John Thompson writes here about the latest from Oklahoma. Some teachers wanted a statewide strike, like West Virginia. The most militant wanted a strike beginning April 2, coinciding with testing season.

However the Oklahoma Education Association moved back the date to give the legislature more time to act.

Thompson writes:

“Heather Reed, a teacher at OKC’s Lee Elementary School, organized the Moore meeting of three-dozen teachers. She said April 2 would be a good strike date because such timing “might hurt the most.”
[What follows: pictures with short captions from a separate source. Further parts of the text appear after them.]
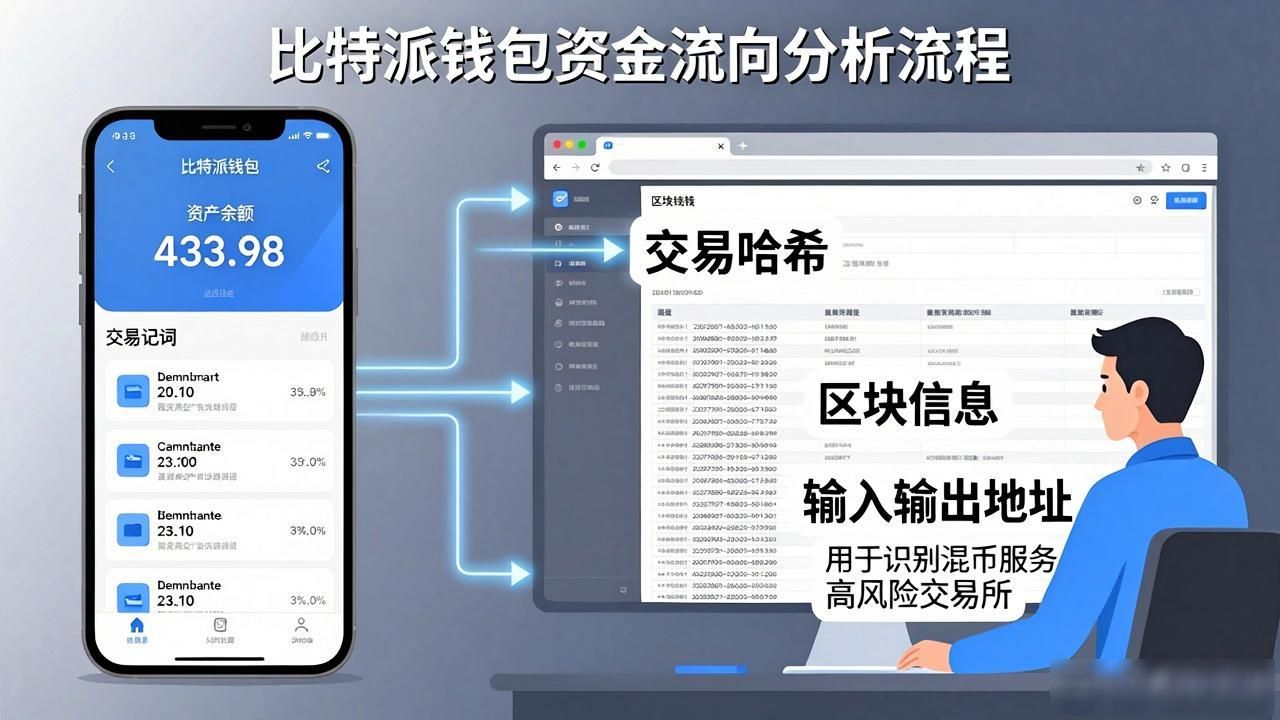 比特派钱包资金流向怎么看？三步查清资产动向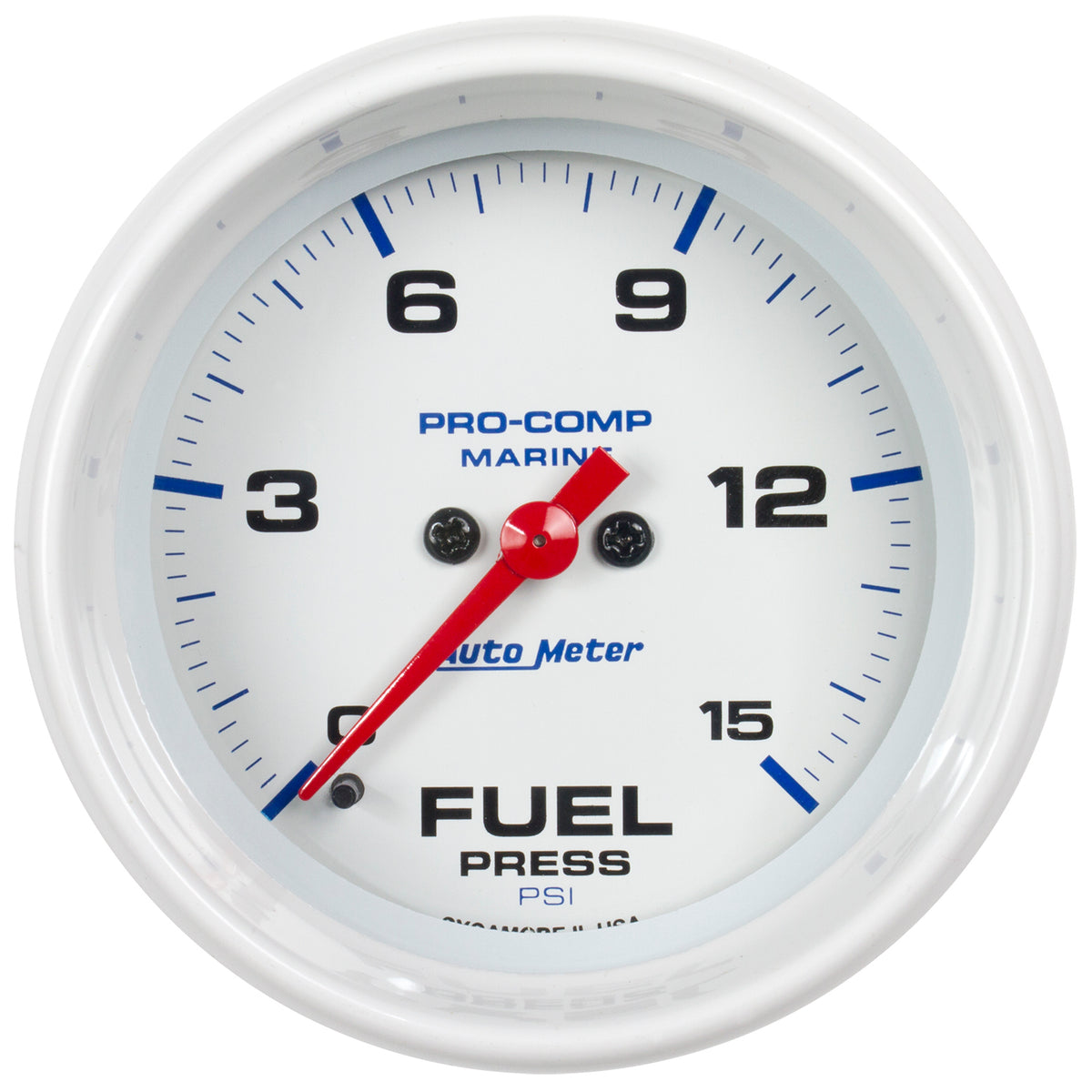 AutoMeter 200848 - GAUGE, FUEL PRESSURE, 2 1/16", 15PSI, DIGITAL STEPPER MOTOR, MARINE WHITE 3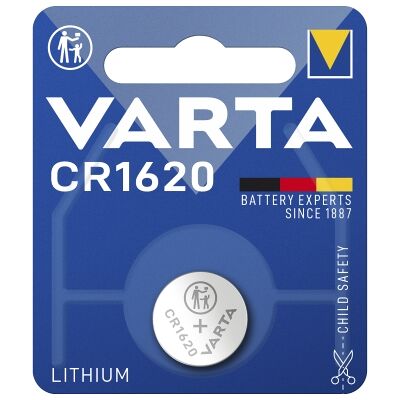 Varta Varta CR1620 litium-nappiparisto - 1 kpl 6620101401 Vastaa: N/A Varta Varta CR1620 litium-nappiparisto - 1 kpl 6620101401 Vastaa: N/A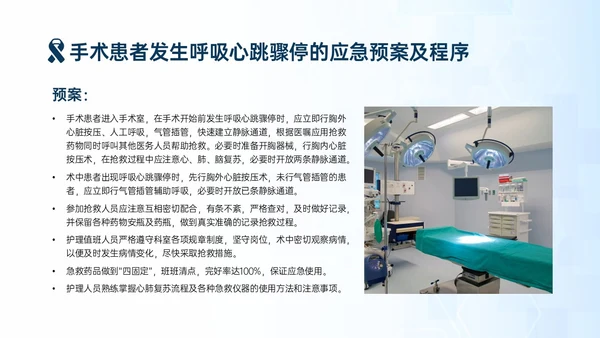 蓝色简约商务手术安全核查制度培训PPT模板护理安全管理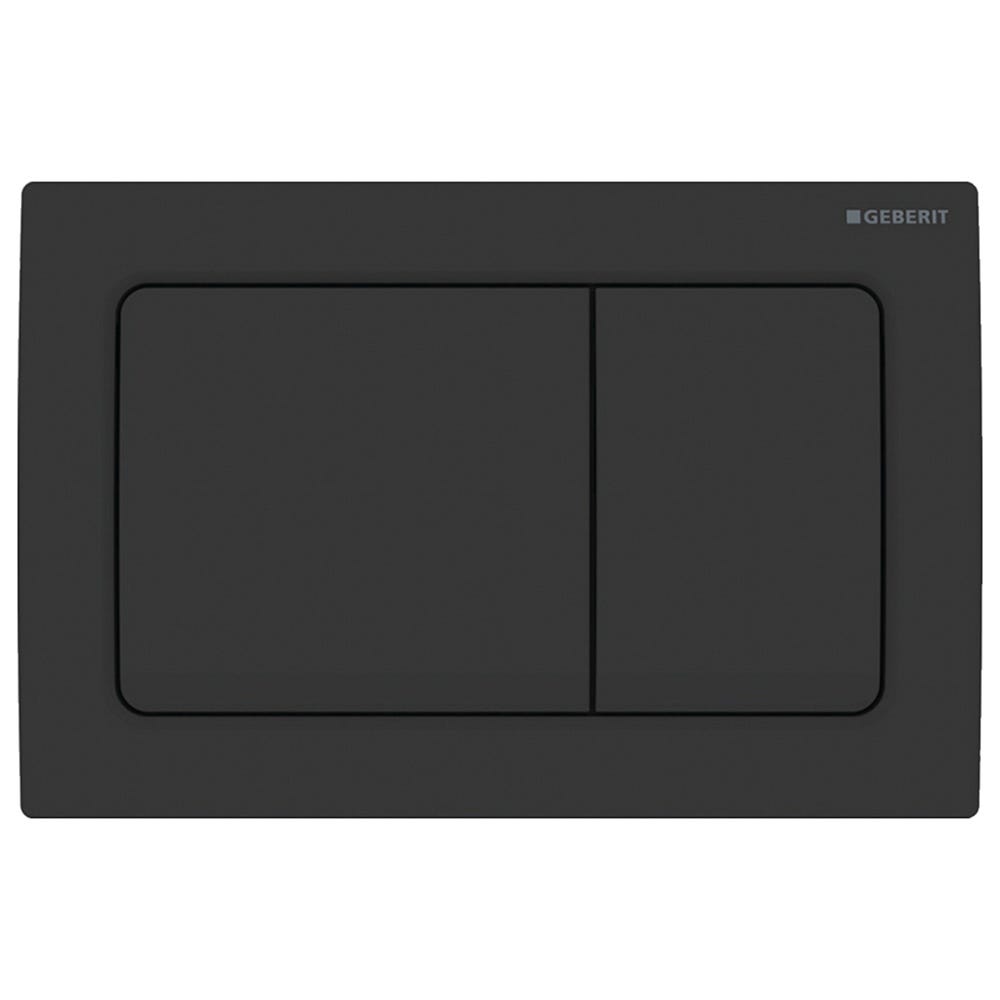 Geberit 115.055.14.1 Alpha01 Square Dual Flush Plate Black Matt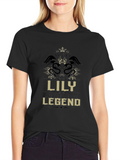 Lily Legend Black T-Shirt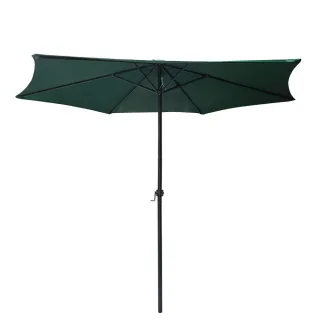 Parasol Rond Ø 2,70 m polyester 160 g/m² vert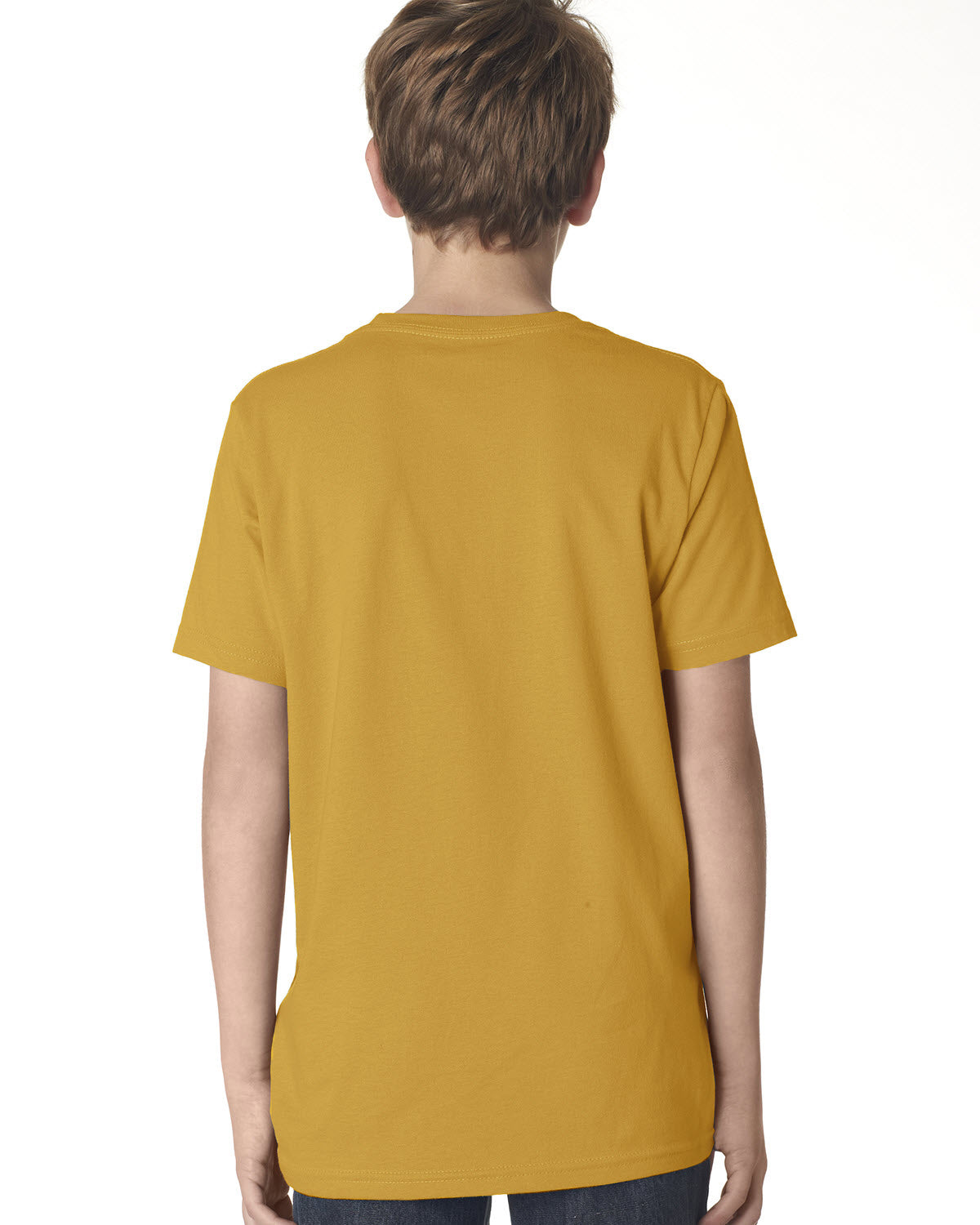 Youth Cotton Crew - Antique Gold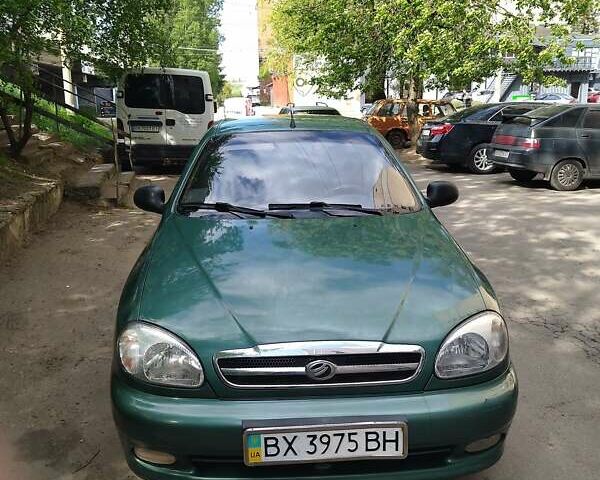 Зеленый ЗАЗ Ланос, объемом двигателя 1.5 л и пробегом 147 тыс. км за 3500 $, фото 1 на Automoto.ua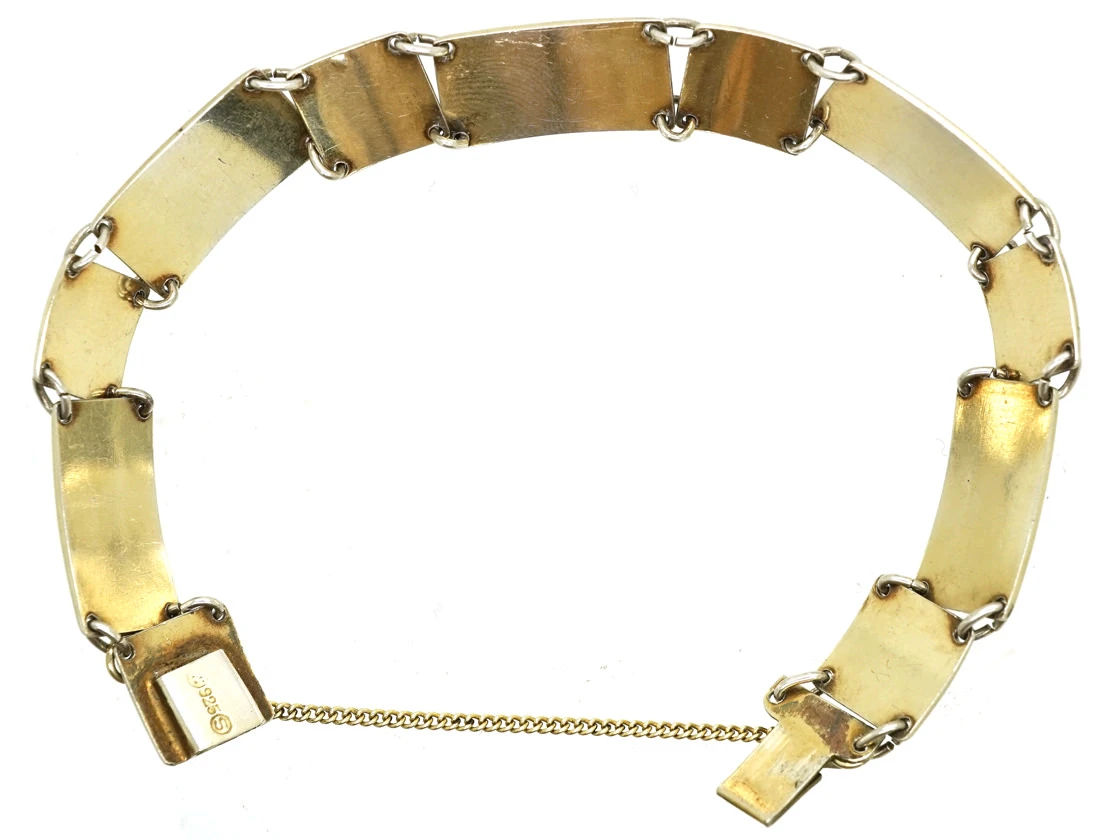 Silver, Black & Green Enamel Bracelet By Ottar Hval 6 Silver, Black & Green Enamel Bracelet By Ottar Hval - Image 4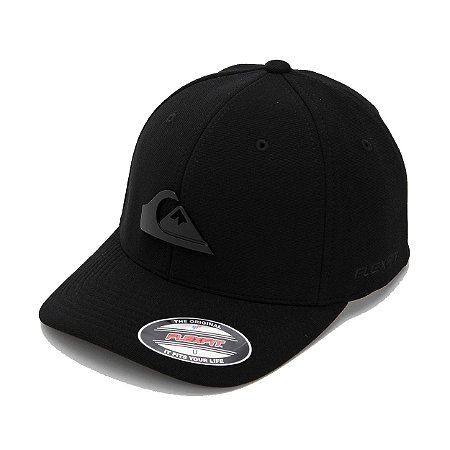 Boné Quiksilver Aba Curva Plate Silver Preto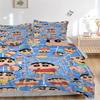 Crayon Shinchan Adventure Print 3Pcs Bedding Setduvet Cover With 2 Bedropillowcase Home Birthday Gift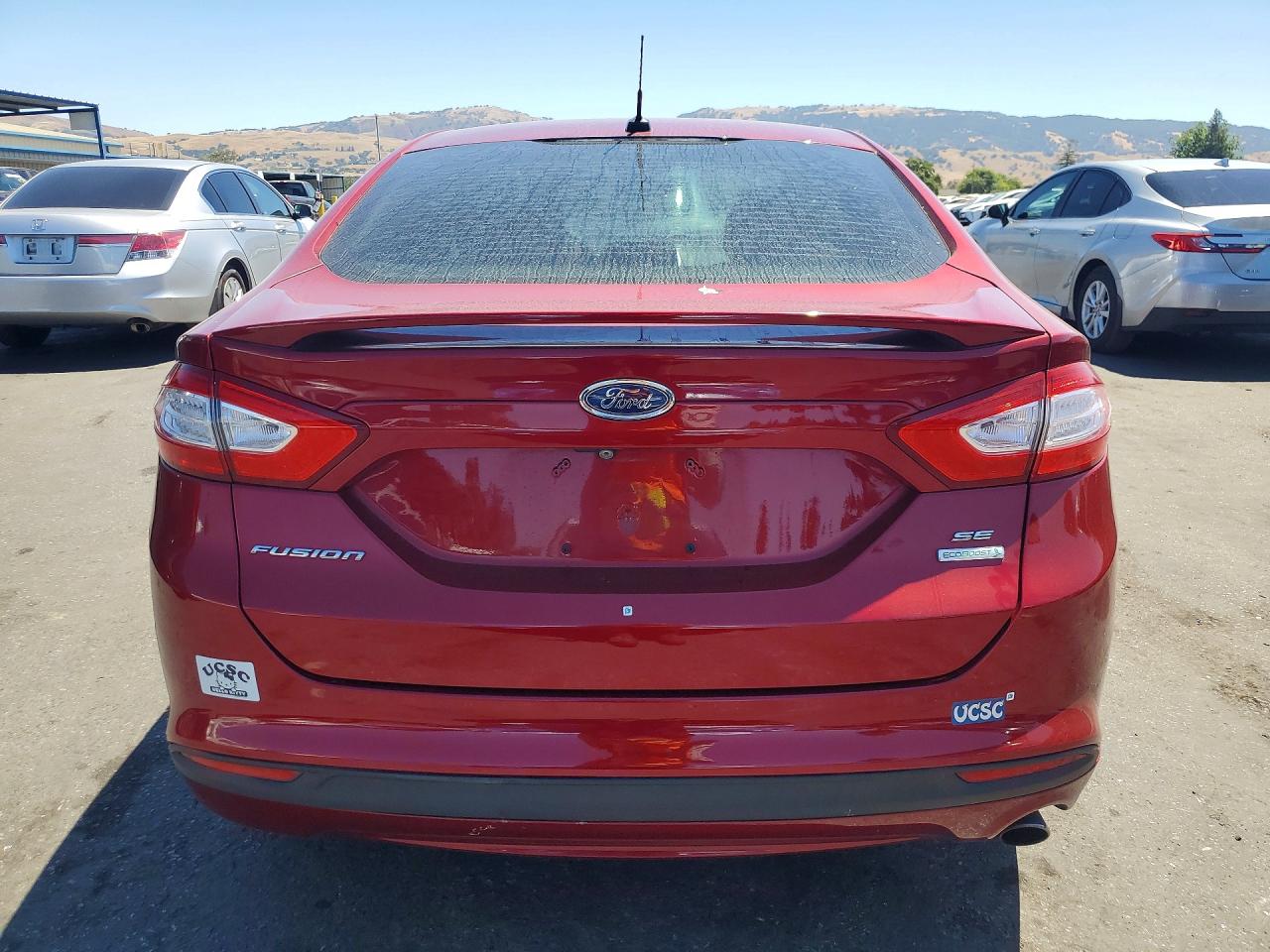 2015 Ford Fusion Se Red vin: 3FA6P0HD5FR281806
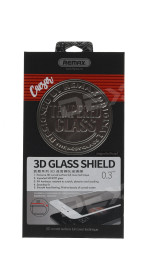 Protective glass Remax RM-009 7, white frame, 3D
“But Tuesday, the Oklahoma Education Association announced an April 23 deadline with other details of their plan, as reported by Felder of The Oklahoman:

“(Executive director David) DuVall said the OEA is going to ask the Legislature to approve at least a $10,000 pay raise that could be funded over three years. The OEA also plans to ask for increased funding for school operations.

“We plan to present a revenue plan (on Thursday) to fund it,” DuVall said.

Thompson writes:

“I agree with an April deadline. The suspension of school as the bubble-in testing season begins would be win-win. If we’re going to improve our schools, sooner or later teachers will have to shut them down. The best time is when most students would not be learning anything worthwhile.”

The OEA seems determined to cool down the hotheads and risk losing momentum.

If the Janus decision goes against unions, as most people predict, the employers will miss them because there will be no intermediary to stop the wildcat strikes. Or turn a strike into a walkout.